Geretsried/Wolfratshausen - Am Heiligabend vor einem Jahr soll der Geretsrieder vor der Diskothek Turm in Wolfratshausen Polizeibeamte mit der Parole ACAB für All Cops Are Bastards („Alle Polizisten sind Bastarde“) bedacht und als „Bullenschweine“ bezeichnet haben. Zudem soll er einen Gastwirt als „Hurensohn“ tituliert haben – Anfang April bei einem Streit im Lokal und dann zwei Monate später am Telefon.

Vor Gericht trat der Heranwachsende selbstsicher auf. „ACAB kann vieles bedeuten. Ich bin nicht davon ausgegangen, dass das eine Beleidigung ist“, sagte der Angeklagte, der einräumte, den Spruch in einer Gruppe junger Leute „mitgerufen“ zu haben. „Ich hatte getrunken, war in einem aufgeheizten Zustand.“ Er habe helfen wollen, als vor der Disco bei einer Massenschlägerei auf einen am Boden liegenden Freund eingeprügelt worden sei. „Ich habe dabei selbst ein blaues Auge abbekommen.
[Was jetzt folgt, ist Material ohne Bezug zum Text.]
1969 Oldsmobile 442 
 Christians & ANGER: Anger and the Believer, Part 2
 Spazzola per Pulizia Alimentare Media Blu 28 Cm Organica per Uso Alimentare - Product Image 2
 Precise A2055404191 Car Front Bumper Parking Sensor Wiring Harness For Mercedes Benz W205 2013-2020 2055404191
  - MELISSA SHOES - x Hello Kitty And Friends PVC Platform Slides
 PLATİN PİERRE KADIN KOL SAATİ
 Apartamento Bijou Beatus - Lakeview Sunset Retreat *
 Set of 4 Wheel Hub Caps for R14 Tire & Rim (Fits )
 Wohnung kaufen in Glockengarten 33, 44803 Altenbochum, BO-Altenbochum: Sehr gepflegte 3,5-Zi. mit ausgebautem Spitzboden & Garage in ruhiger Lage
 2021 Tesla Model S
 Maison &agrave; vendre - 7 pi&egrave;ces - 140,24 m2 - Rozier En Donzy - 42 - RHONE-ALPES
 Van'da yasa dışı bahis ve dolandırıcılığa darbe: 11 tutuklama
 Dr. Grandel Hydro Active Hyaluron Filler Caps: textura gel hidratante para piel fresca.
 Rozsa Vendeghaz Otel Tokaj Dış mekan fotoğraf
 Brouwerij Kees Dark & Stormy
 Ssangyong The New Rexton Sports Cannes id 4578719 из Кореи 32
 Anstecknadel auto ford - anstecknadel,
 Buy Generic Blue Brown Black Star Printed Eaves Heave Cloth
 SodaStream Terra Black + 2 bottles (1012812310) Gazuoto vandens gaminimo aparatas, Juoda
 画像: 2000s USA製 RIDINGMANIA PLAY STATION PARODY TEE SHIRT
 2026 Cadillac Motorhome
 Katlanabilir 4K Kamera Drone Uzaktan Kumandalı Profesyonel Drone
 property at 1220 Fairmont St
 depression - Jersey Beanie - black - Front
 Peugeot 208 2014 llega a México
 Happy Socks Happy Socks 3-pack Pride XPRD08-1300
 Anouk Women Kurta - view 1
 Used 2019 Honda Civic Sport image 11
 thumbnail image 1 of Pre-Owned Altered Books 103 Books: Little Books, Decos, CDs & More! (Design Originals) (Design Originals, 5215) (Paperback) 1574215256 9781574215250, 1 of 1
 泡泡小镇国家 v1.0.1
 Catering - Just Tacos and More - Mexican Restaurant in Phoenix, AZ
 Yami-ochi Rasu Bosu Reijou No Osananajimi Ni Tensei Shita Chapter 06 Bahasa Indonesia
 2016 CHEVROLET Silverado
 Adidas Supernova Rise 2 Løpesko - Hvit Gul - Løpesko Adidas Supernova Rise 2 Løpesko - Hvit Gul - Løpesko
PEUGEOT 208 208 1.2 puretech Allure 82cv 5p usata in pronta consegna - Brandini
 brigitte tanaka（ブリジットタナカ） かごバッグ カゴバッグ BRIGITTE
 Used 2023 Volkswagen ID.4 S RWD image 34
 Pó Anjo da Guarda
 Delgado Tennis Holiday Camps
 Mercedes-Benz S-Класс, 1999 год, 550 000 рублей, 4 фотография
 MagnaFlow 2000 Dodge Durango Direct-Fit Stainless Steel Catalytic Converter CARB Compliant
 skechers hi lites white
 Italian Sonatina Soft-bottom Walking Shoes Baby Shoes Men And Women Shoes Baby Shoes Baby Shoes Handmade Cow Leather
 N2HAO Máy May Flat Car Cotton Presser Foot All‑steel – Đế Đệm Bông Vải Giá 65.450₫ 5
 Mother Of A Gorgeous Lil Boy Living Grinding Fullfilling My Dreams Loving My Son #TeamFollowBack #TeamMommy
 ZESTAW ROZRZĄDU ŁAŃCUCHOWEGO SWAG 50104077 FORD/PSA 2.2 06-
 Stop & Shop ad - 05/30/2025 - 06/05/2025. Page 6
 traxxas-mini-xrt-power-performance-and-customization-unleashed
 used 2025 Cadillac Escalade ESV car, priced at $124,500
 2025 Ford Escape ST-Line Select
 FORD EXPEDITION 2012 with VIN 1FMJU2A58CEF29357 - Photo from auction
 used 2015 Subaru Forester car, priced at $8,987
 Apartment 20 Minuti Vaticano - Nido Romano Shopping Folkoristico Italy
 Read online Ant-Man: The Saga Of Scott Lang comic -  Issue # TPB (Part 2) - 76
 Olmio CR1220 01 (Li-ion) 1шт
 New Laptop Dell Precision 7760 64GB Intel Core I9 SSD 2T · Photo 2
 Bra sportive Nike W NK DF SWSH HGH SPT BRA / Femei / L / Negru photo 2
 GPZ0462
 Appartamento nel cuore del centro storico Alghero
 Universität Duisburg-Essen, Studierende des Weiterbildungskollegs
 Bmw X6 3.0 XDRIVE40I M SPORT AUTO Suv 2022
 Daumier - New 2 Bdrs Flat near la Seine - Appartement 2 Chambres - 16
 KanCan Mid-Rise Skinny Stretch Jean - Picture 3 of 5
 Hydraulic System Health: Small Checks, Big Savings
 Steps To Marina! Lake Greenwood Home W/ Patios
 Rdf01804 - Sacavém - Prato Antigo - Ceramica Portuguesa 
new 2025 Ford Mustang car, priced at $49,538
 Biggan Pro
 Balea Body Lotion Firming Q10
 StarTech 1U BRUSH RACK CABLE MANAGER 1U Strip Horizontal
Ich wollte nur helfen und wurde plötzlich als Täter behandelt“, so der Beschuldigte. „Deshalb war ich ziemlich angepisst.“ Dass er „Bullenschweine“ gerufen habe, stritt er ab. „Das wäre ja blöd gewesen. Sie hatten doch meine Personalien.“

Angeklagter solle „allmählich erwachsen werden“

Was die Sache mit dem Wirt anging, mochte er nicht ausschließen, dass bei einem Streit im Lokal auch der Begriff „Hurensohn“ gefallen war. Allerdings habe er den Mann nie, wie von diesem behauptet, angerufen. Dieser Teil der Anklage wurde vom Gericht vorläufig eingestellt, weil sich das Gegenteil nicht beweisen ließ.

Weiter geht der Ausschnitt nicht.